Tuesday, May 1, 2007

For a company that actively promotes ethics, using climate change to sell its programs is dead wrong.

Ever since I took my first NOLS course in 1991, I've had ambivalent feelings about NOLS as an organization. Basically, I think NOLS has promoted the idea of nature as a museum more than anyone else. It is also a giant jellyfish of a corporation with its tentacles in almost everything outdoors. With that said, I have known a number of excellent NOLS instructors over the years, and count myself lucky to call a few of these fine folks friends. I have also taught a lot of students technical skills that I learned from NOLS. Basically, my own NOLS experience was solid, but not life-changing. Hence, I'm a proud alumni, but not a supporter. There's not quite the heart to NOLS that Outward Bound has.... At least the Voyager Outward Bound (of yore) that I am most familiar with.
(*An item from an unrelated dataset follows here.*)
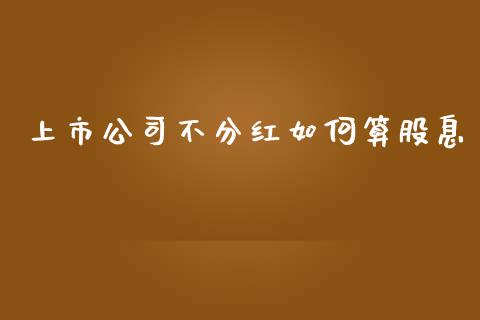 上市公司不分红如何算股息_https://www.fansifence.com_恒指交易时间_第1张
After seeing this ad in NewWest.net I am absolutely livid, however. I would have expected this type of corporate insensitivity to the environment from Exxon or Northwest Airlines, maybe... But NOLS?? It really does show how far from the grass roots NOLS really is. Unfortunately, we will probably see more of this type of thing... From both NOLS and others as climate change accelerates.
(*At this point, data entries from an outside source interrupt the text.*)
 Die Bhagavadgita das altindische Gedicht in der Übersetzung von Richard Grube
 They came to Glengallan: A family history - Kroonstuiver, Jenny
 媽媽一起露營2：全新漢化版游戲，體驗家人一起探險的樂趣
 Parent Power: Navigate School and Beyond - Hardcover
I wonder how many other distasteful, before-it's-been-destroyed ads we could come up with??

3 comments:

Matt Williams said...

How about, "come see the rainforest, before its in your neighbors living room." Okay, that was pretty bad I know. Distasteful at best. I think your post raises a very important question though Tom, and that is this. Evolution is just that. We know that things change. We know we are speeding those changes at dangerously high rates, but that the general trend to a warmer climate would likely still be happening without fossil fuels. So my question is this, what amount of change are we, the environmental movement, willing to accept and embrace? If extinction is as natural as, and essential too, evolution, are we prepared to let species go extinct? And to what extent should that be discussed and advertised? I agree the NOLS ad is a little distasteful, but it won't be the last, as I think you note. Anyway, like with so many things, I think there is an important conversation here that should be happening, but sadly is not.

subtext said...

Matt's comment on extinction reminded me of a very cynical joke: The best thing for the environment would be for humans to become extinct. Maybe we are causing our own extinction through global warming (or as the Repubs call it: climate change).

Tom Morgan said...

Yeah, another likely candidate for a bad taste ad would be whale watching trips sponsored by the Japanese Whaling Commission: Come See the Last of the Humpbacks, before we Harpoon Them!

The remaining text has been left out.